Apple Vision Pro review: magical, but leaves you lonely

Samuel Buchmann
7.2.2024
Translation: Patrik Stainbrook

Are Apple’s new glasses a revolution in computing or just an expensive toy? I spent a few hours searching for the future in the Vision Pro. In doing so, I encountered genius, potential and dead ends.

Following the announcement, I was sceptical as to whether the Vision Pro offers any added value. After being able to try it out for a few hours, I’m faced with a paradox. Many of my fears have come true. Starting at 3,500 US dollars, the Vision Pro is an irrational product. But I still want the thing.

An enchanting first impression

I’m standing in the winter garden of Digitec Galaxus customer René Vogel. The Apple fan picked up a Vision Pro in New York and let me try it out for a few hours. He himself is very enthusiastic, as he explains in an interview coming soon.

I’m also amazed as I put on the Vision Pro for the first time. In standard mode, I’m led to believe these are transparent glasses. Cameras film my surroundings and feed them live into the displays. This is called pass-through mode. Digital menus, windows and three-dimensional objects float in physical space. They stay in place as if they were real. There’s no latency between reality and what I see.

Operation seems magical – I don’t need a controller. My eyes are the cursor, my hands the mouse button. To select something, I look at it and bring my thumb and index finger together. It doesn’t matter where I do this as long as it’s within the headset’s field of vision. I can hold things and move them around the room, or zoom in and out with two hands. The concept is as intuitive as multitouch on a smartphone.
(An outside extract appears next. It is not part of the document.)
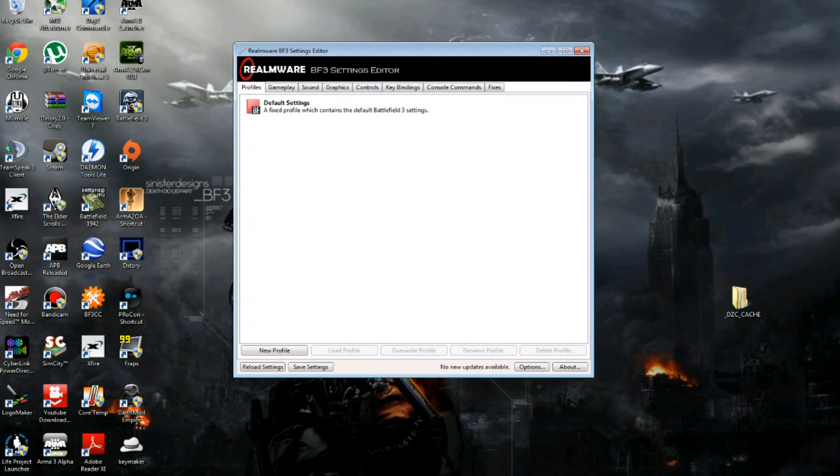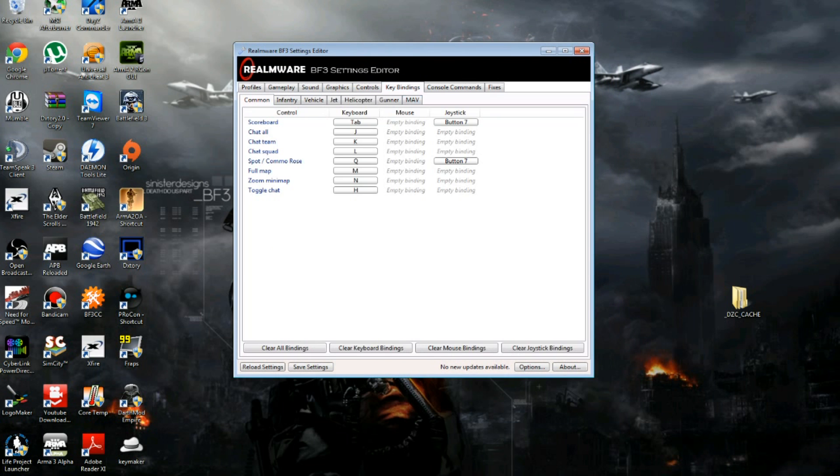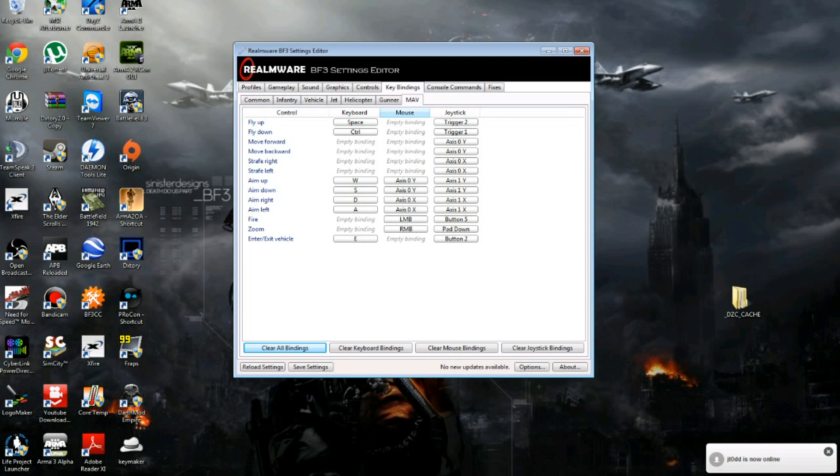Once you have that downloaded, you're just going to go to keybindings, then you want to go to MAV, not Gunner, go to MAV.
After the first five minutes, I have to pick my jaw up off the floor. Am I experiencing a product as revolutionary as the first iPhone?
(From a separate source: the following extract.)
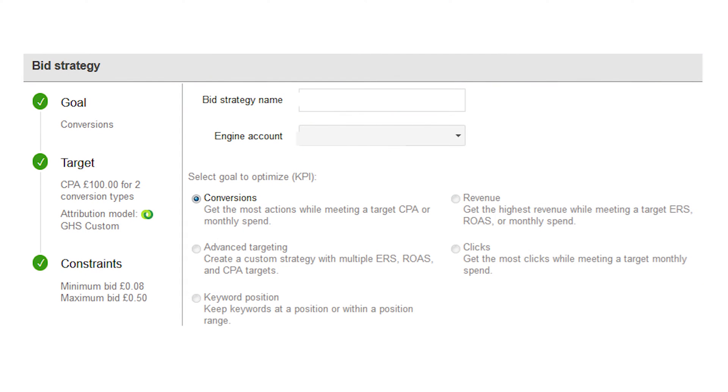A couple of objectives you might want to choose from would be conversions, return on investment, or you might want to hold a certain position — for example, if you're bidding on brand and want to maintain a good share of your brand coverage, or you just want to maintain a certain level of spend on a weekly or monthly basis.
A Herculean achievement in technical terms

Certain parallels can’t be denied. As with the iPhone, Apple hasn’t invented a new product category with the Vision Pro. At its core, it’s a VR headset with AR simulation – no matter how often Tim Cook calls it a «spatial computer». The basic idea is the same as that of the Meta Quest Pro, which I tested over a year ago.
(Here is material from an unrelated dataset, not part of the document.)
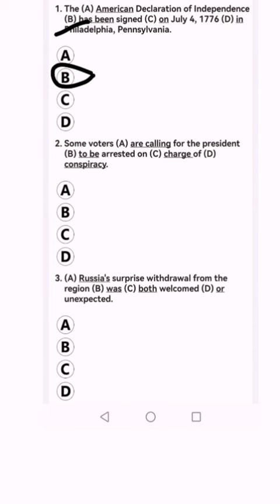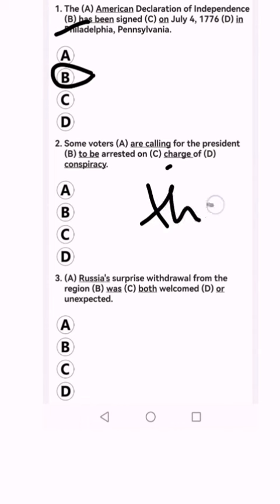Number two: 'Some voters are calling for the president to be arrested on charge of conspiracy.' For 'charge,' we have to use the article 'the.' So the answer would be C, because we have to say: 'Some voters are calling for the president to be arrested on the charge of conspiracy.'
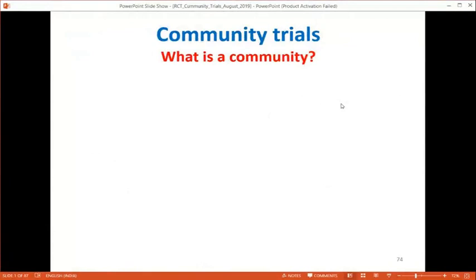After approximately one hour covering randomized control trials, the session pauses for questions before transitioning to community trials.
As with most Apple products, the revolution lies in the implementation. The Vision Pro is the first VR headset I don’t want to take off after half an hour, just like the iPhone was the first smartphone I actually wanted to use.

Five things make the Vision Pro better than anything before it:

A Vision Pro with 512 GB of memory and some accessories is likely to cost over 4,500 francs in Switzerland. Private imports from the USA are currently changing hands for at least 5,500 francs.

Fragile magic with dead ends

For this price, you get the best VR glasses around. But that doesn’t make it a perfect product by any means. The magic of Vision Pro is fragile, and there are things that temporarily disenchant it. Apple could improve some of these in future generations. Others are dead ends from the off.

Areas with potential for improvement:

  • Personas: as the Vision Pro only sees your face close up, it has to rely on face scans for video calls. Apple has received a lot of malice online for these Personas. A storm in a teacup. The feature definitely has potential for improvement, but I don’t find it annoying; I can clearly recognise the person and their facial expressions.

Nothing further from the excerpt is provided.